A colleague and teacher of the generation of photojournalists that emerged in Catalonia with the transition from Franco's dictatorship to the monarchy that inherited Franco's regime (which still lasts today), Carlos Bosch contributed to widening the limits of the graphic information of the time, often marked by fierce police and parapolice repression.

From 1984 to 1986, he taught "theory and practice of photojournalism" at the I.D.E.P. in Barcelona.

In 1986 he settled in Luxembourg and from there he worked as a freelance photographer for various European magazines such as Opinión, Tiempo, The Observer, The Sunday Times, Stern, etc.

In 1987 he began a long hiatus, which he invested in personal work.

In 1999 he moved temporarily to Madrid where he was deputy director of the photographic agency Cover.
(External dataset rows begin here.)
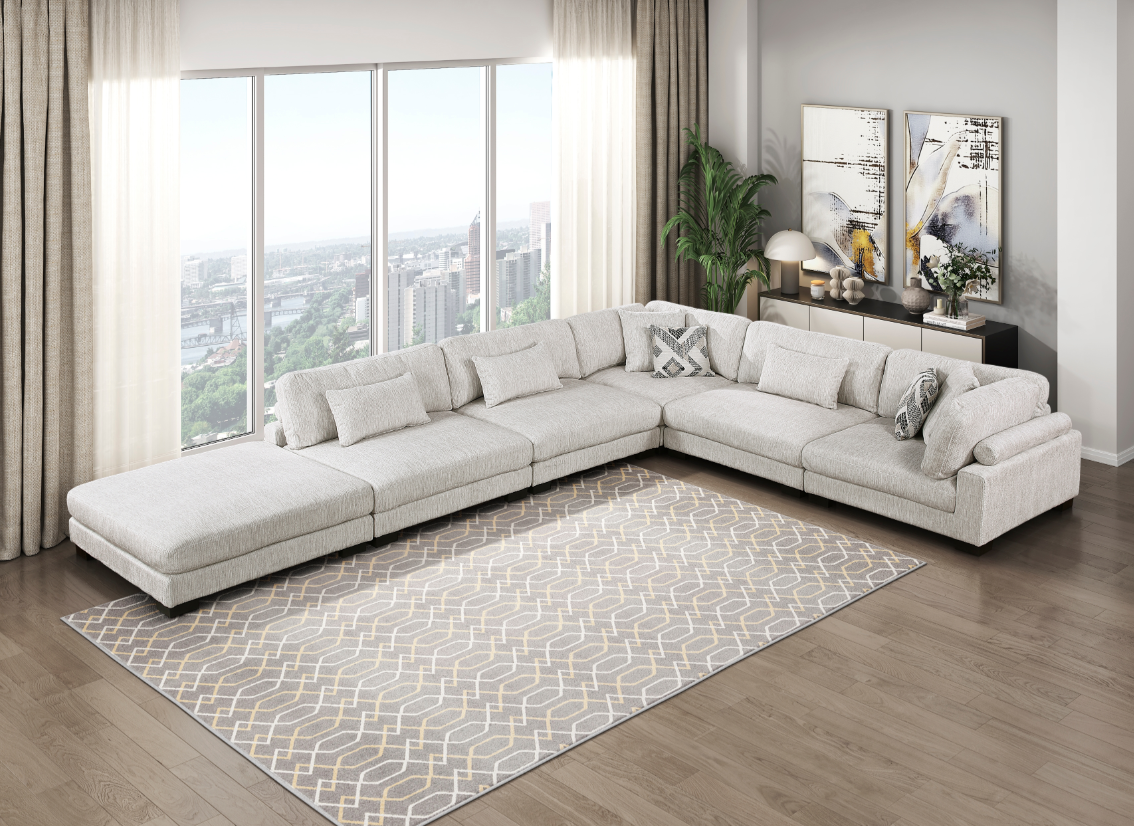 Homelegance Tinley 6-Piece Sectional Sofa with Ottoman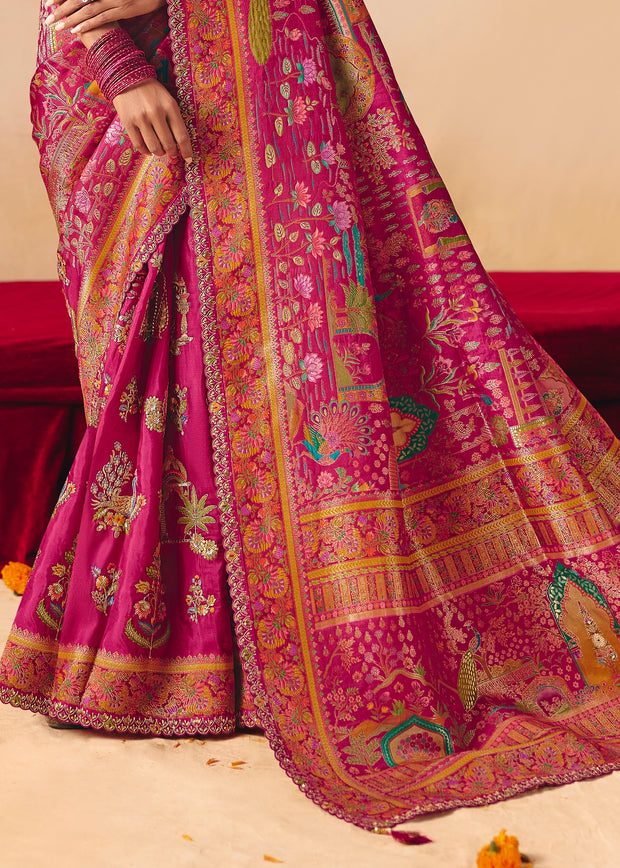 Fuchia Pink Designer Embroidered Saree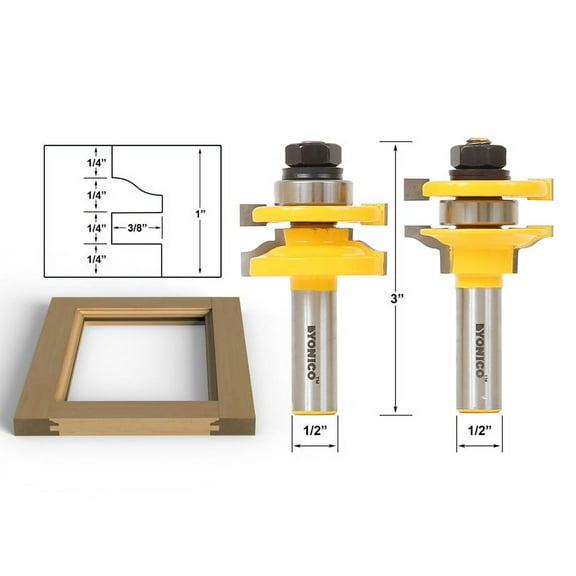 Yonico Rail & Stile Router Bits - Matched 2 Bit Standard Ogee - 12243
From 2001 to 2007 he alternated his residence and work between his farm in Luxembourg and Barcelona. During this period he specialised in architectural photography, produced several books and collaborated in the publications Barcelona Metròpolis Meditarrània and Quaderns (Barcelona City Council).

His works are part of numerous collections, including the Bibliothèque nationale de France, the Chateau d'Eau in Toulouse, Sam Wagstaff in New York, Museo de Bellas Artes in Buenos Aires, etc.
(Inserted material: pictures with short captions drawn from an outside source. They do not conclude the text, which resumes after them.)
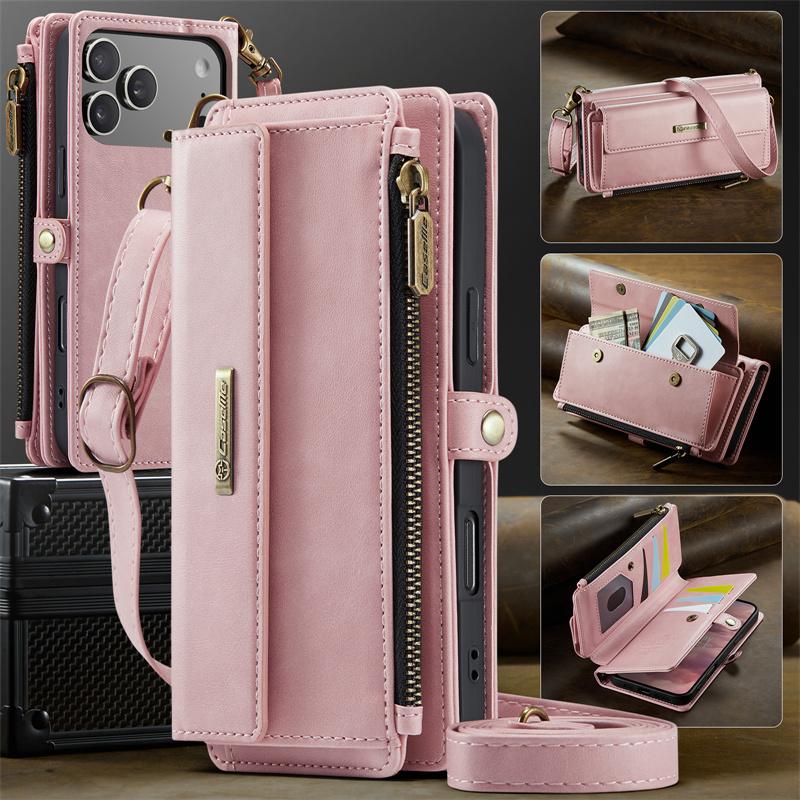 CaseMe Flip Leather Phone Case for iPhone 17 Pro Max Air 16 Plus 16E 15 14 13 Mini 12 11 X XS XR SE 2022 8 Long Lanyard Zipper Wallet Multi Card Cover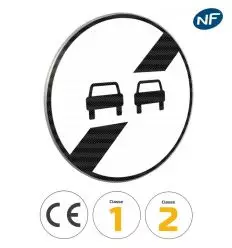 B34 - Panneau fin d'interdiction de dépasser voitures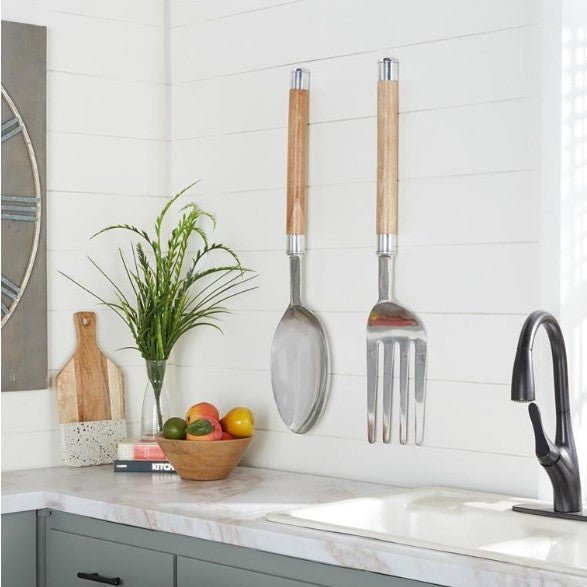 Set of 2 Aluminum and Wood Fork and Spoon Wall DÃ©cor 8"W x 35"H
In 2007 he returned to Argentina to settle permanently. In 2008 he created the "Taller continuo de imagen". He was a member of the jury of the Premio Nacional de Artes Plásticas in 2008 and 2012. In 2011 he won the First Prize at the Salón Nacional de Artes Visuales and in 2016 the Grand Prize. He collaborated weekly with the newspaper Crítica de la Argentina until its disappearance. In 2009 and 2015 he was president of the photographic jury at the X Festival Internacional de Documentales Santiago Alvarez in Santiago de Cuba.

He has won numerous national and international awards and has held numerous solo and group exhibitions in more than 15 countries.

He died in Buenos Aires on June 22, 2020.

== Exhibitions ==
Carlos Bosch's works have been exhibited in countries such as Argentina, Cuba, Mexico, Spain, Germany, France, Brazil and the US, among others.

In September 2020 a retrospective entitled 'I don't whisper, I scream' was held as a posthumous tribute at the Palau Robert in Barcelona.